To celebrate Ralph Waldo Emerson's 208th birthday (May 25th, 1803), Self-Reliance urges us to trust our intuition rather than conforming to the will of the majority.

Beginning on May 31st, 2011, The Ralph Waldo Emerson Self-Reliance website*** will post a daily prompt. This will continue for 30 days.

This is my unique creation of personal reflection and responses, based on those prompts.

***See link below for the site.

Tuesday, June 21, 2011

Divine Idea

DAY 11 ~

‘Imitation is Suicide. Insist on yourself; never imitate.” – Ralph Waldo Emerson

PROMPT:
Write down in which areas of your life you have to overcome these suicidal tendencies of imitation, and how you can transform them into a newborn you – one that doesn’t hide its uniqueness, but thrives on it.
There is a “divine idea which each of us represents” –
which is yours?


STAY TRUE TO YOURSELF


My “divine idea which I represent” ~ already exists within me.  I’ve already outgrown areas of my life, which may have been identified as “suicidal tendencies of imitation”.  It’s taken me much of my life to overcome this, but I have transformed them into a newborn me. 

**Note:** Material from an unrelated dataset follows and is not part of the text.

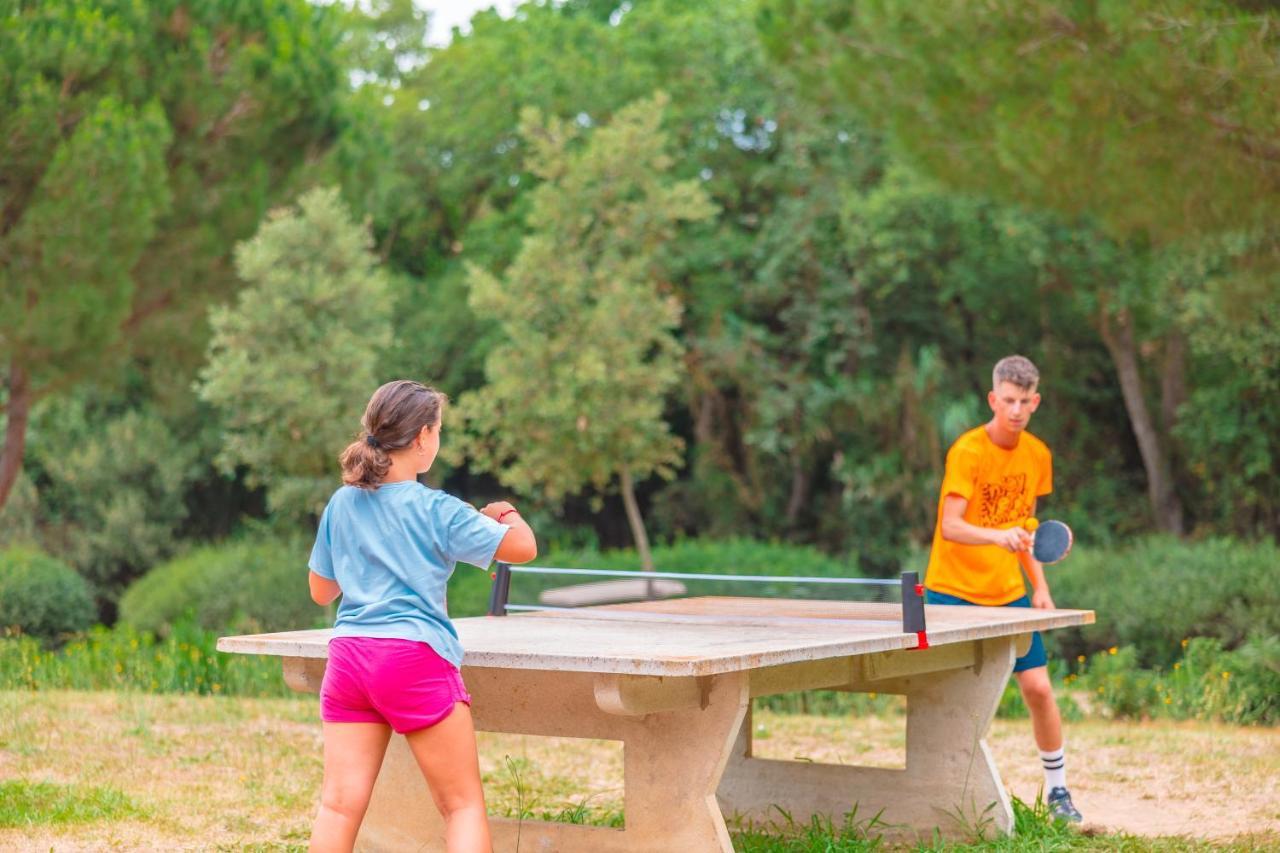 Le Pianacce Camping Village Кастаньєто-Кардуччі Екстер'єр фото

I take pride in NOT hiding my uniqueness.  I am grateful to have learned to thrive in my individuality.  I have not always been this way though.

I remember as a child, my sister and I often played a “make-believe” game, where we pretended to be our friends.  Wow!  Talk about imitating.  We practiced quite diligently to hide beneath our interpretation of our friends.  And, we became rather proficient in altering our own personal distinctive character; walking, talking (even with an accent), etc – in an attempt to become our perception of them.

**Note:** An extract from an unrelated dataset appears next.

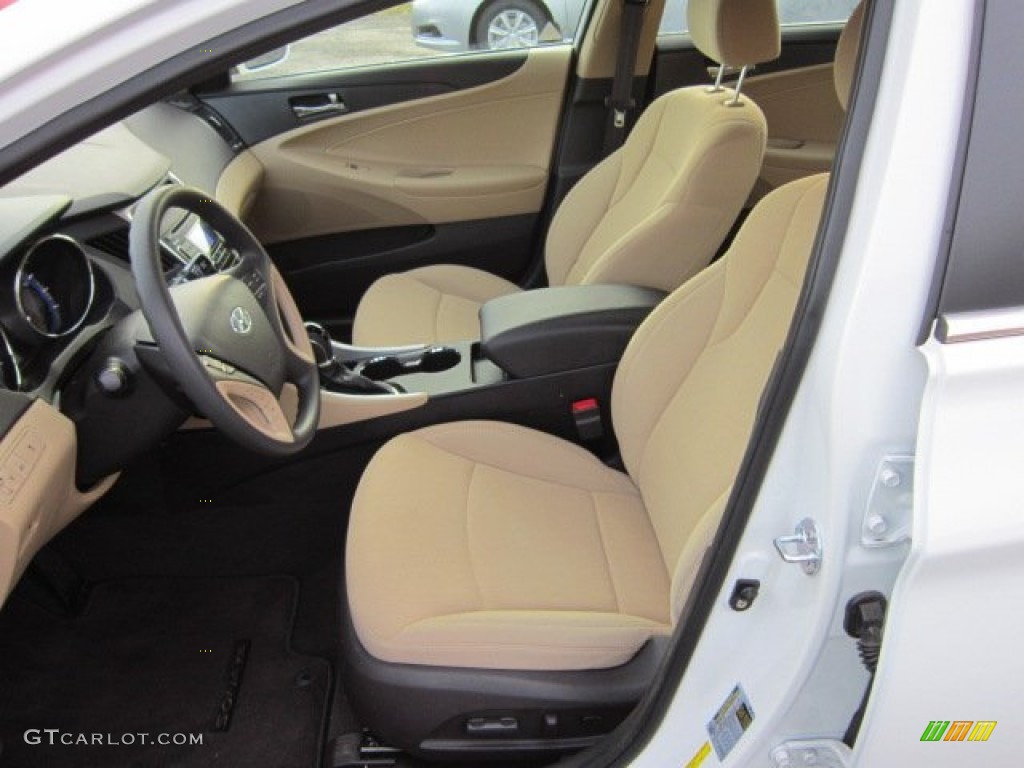 Camel Interior 2011 Hyundai Sonata GLS Photo #58367223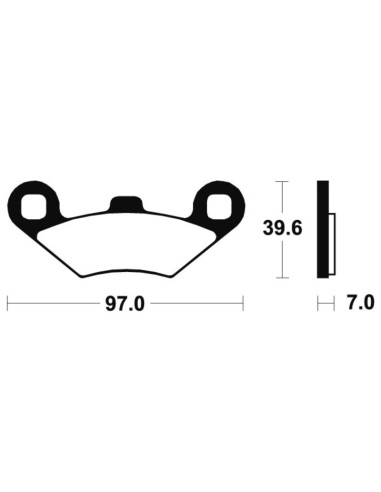 TECNIUM Maxi Scooter Sintered Metal...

As a young adult, there were friends and acquaintances some of whom I admired (and, at times, envied), because my perception of their life appeared to be much better than mine.  Of course, I understand now, that was not the truth at all. 

And, even as a grown adult, I’ve had brief bouts of wishing I was someone else, or that I possessed what others had.

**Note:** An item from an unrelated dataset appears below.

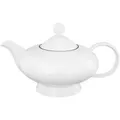 Produktbild: Seltmann Weiden Lido Black Line Teekanne 1,25 l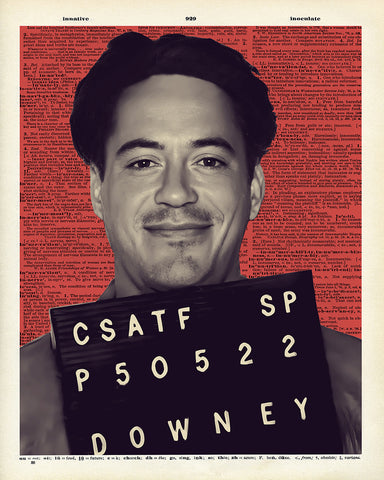 Downey Mugshot No2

But, I’ve grown – grown into the real ME, and I like ME just the way I am.

I tend to be a natural goofball, savoring each moment of laughter.  One of my flaws is procrastination.  Yes, seriously, I do have faults.  Everyone has them, as no one is perfect.  I accept my blemishes completely.  They are all a part of the components that comprise ME.

My transformation began several years ago.  It’s been a slow process.  However, the alteration from my attempts to be like others, to discovering my own exclusive individuality, has been rewarding. 

After digging beyond the façade, into the depths of the genuine ME, I’ve discovered someone of whom I’ve become quite fond.

I’ve learned that there will always be those people, who may not like or accept you, simply just for YOU.  And, that’s perfectly okay.  I’ve learned that the entire world’s population is not going to like me.  Those, who do accept me and like me for the exact person I truly am, the ones around whom I can be honest and be ME, -- those are the ones who are worthy of my friendship and love.


My uniqueness may be rather odd or goofy to some, but my individuality is precisely what makes me exactly who I am.  What you see is what you get. 

I no longer have any desire to imitate anyone else.  I am content with the person I’ve become, and am very comfortable in my own skin.

With no apparent requirement to overcome “suicidal tendencies of imitation” (none that I’m aware of, anyway), my intention is to simply continue “to thrive on my own personal uniqueness”, and to be true to the genuine authentic ME.